Kabar Kinabalu — Kepala Lembaga Penjamin Simpanan (LPS) Purbaya Yudhi Sadewa menilai potensi penerimaan negara dari sektor ekonomi “bawah tanah” atau shadow economy bisa digenjot signifikan, asalkan pemerintah mampu memperkuat sinergi antarinstansi dan membangun sistem data yang terintegrasi.

Menurutnya, sektor informal yang selama ini belum tersentuh pajak masih menyimpan potensi besar untuk meningkatkan pendapatan negara tanpa harus menaikkan tarif pajak yang sudah ada.
Baca Juga : Purbaya Soal Thrifting Baju Bekas: Siapa yang Tolak, Saya Tangkap!
Potensi Besar dari Sektor Informal
Purbaya menjelaskan, ekonomi bawah tanah di Indonesia mencakup berbagai aktivitas ekonomi yang legal tetapi belum tercatat atau belum membayar kewajiban pajaknya secara formal. Sektor ini mencakup pelaku usaha mikro, pedagang daring, hingga sektor jasa informal. Berdasarkan kajian berbagai lembaga, nilai ekonomi bawah tanah di Indonesia ditaksir mencapai 20–25 persen dari total Produk Domestik Bruto (PDB).
“Kalau bisa ditarik pajak sebagian kecil saja dari aktivitas itu, penerimaan negara bisa melonjak tanpa harus menekan sektor formal yang sudah patuh,” kata Purbaya dalam keterangannya di Jakarta, Senin (28/10/2025).
Ia menegaskan bahwa potensi pajak dari sektor informal bisa menjadi alternatif pembiayaan pembangunan di tengah tekanan fiskal global. Namun, langkah tersebut membutuhkan pendekatan yang tidak sekadar represif, melainkan juga edukatif dan berbasis teknologi.
Kunci di Sinergi dan Digitalisasi Data
Purbaya menilai, kunci utama dalam mengoptimalkan penerimaan pajak dari ekonomi bawah tanah adalah sinergi antarinstansi, terutama antara Kementerian Keuangan, Otoritas Jasa Keuangan (OJK), Bank Indonesia (BI), dan LPS. Menurutnya, setiap lembaga memiliki basis data ekonomi yang luas, namun belum terintegrasi sepenuhnya.
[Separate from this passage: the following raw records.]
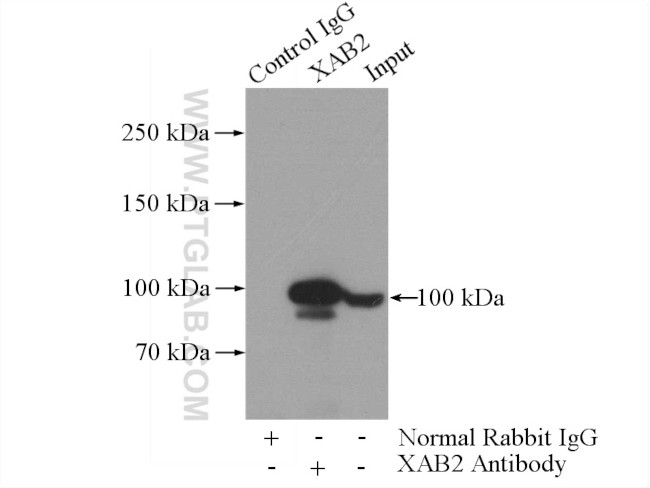 XAB2 Antibody in Immunoprecipitation (IP)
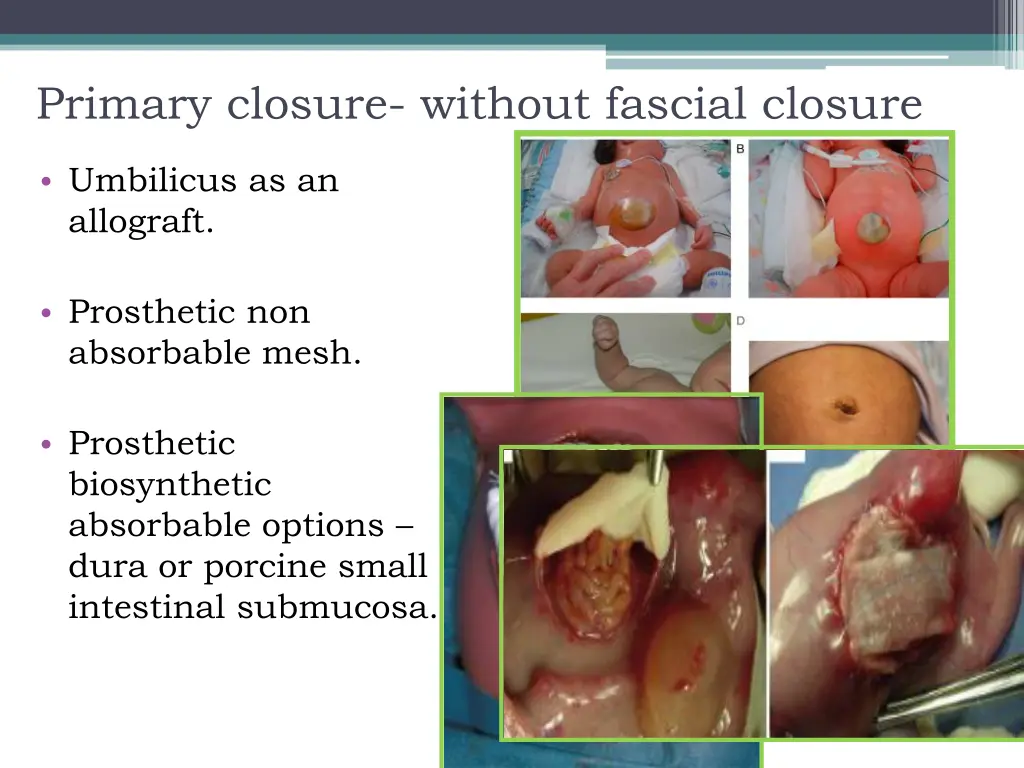 primary closure without fascial closure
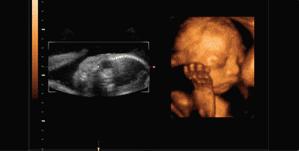 检查b超结果显示宫内早孕,检查b超还是阴超好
“Kalau semua lembaga bisa berbagi data dengan sistem yang aman dan transparan, kita bisa memetakan siapa yang sudah membayar pajak dan siapa yang belum. Ini bukan hanya soal pengawasan, tapi juga perencanaan ekonomi yang lebih akurat,” jelasnya.
Ia juga menyoroti pentingnya digitalisasi dan big data analytics untuk mendeteksi transaksi ekonomi yang selama ini tak tercatat. Misalnya, melalui integrasi sistem pembayaran digital, data perbankan, hingga platform e-commerce yang kini makin dominan.
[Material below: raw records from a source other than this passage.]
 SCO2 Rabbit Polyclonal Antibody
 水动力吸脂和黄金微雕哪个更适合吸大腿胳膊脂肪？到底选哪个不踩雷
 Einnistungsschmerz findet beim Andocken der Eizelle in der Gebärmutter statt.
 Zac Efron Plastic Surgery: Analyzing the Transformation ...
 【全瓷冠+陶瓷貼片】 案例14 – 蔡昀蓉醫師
Edukasi dan Insentif Jadi Kunci Kepatuhan
Selain pengawasan, Purbaya menekankan perlunya pendekatan persuasif agar pelaku usaha informal mau masuk ke sistem pajak tanpa merasa terbebani. Pemerintah, katanya, bisa memberikan insentif, kemudahan administrasi, serta jaminan perlindungan usaha bagi mereka yang mulai patuh.
“Pelaku usaha kecil perlu diyakinkan bahwa dengan masuk ke sistem formal, mereka akan mendapatkan manfaat seperti akses kredit, perlindungan hukum, dan peluang pasar yang lebih luas,” ujarnya.
Dengan sinergi data, digitalisasi, dan pendekatan edukatif, Purbaya optimistis ekonomi bawah tanah dapat menjadi sumber penerimaan baru yang berkelanjutan bagi negara.